Earlier this year, Percoco conducted an investigation at a name-brand hotel in New York.
The POS terminal and servers were set up up in a similar fashion to the casino club, but with one exception. “There was a connection up to the hotel’s corporate offices, which in turn had connections back to hundreds of locations across the country,” Percoco said.
The architecture problems didn’t stop there, he said, adding that no anti-virus programs were installed on the hotel’s systems, the firewall was nothing more than a consumer router, and the whole environment lacked any kind of network segmentation.

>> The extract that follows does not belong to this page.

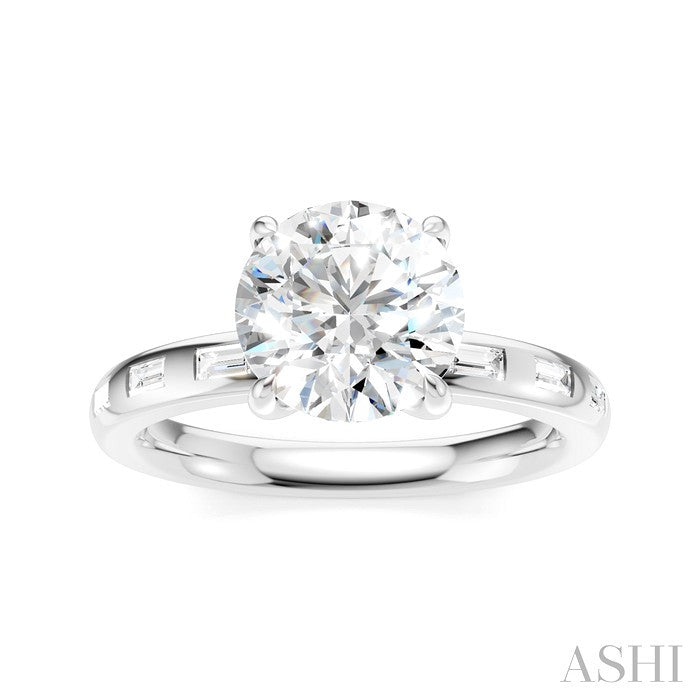Round Shape Semi-Mount Diamond Engagement Ring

Llyas added that the hotel’s Wi-Fi was actually on same network as the POS systems.
In this case, the hackers were able to branch out to 35 of the hotel’s locations and steal an enormous amount of credit card data. The attackers used variations of the same techniques found in the casino club, covering their tracks by encrypting the data they were stealing and hiding suspicious files from the administrators.
And because their malware techniques actually required it, the hackers even started running Windows patches and updates to ensure their malicious programs would actually run properly.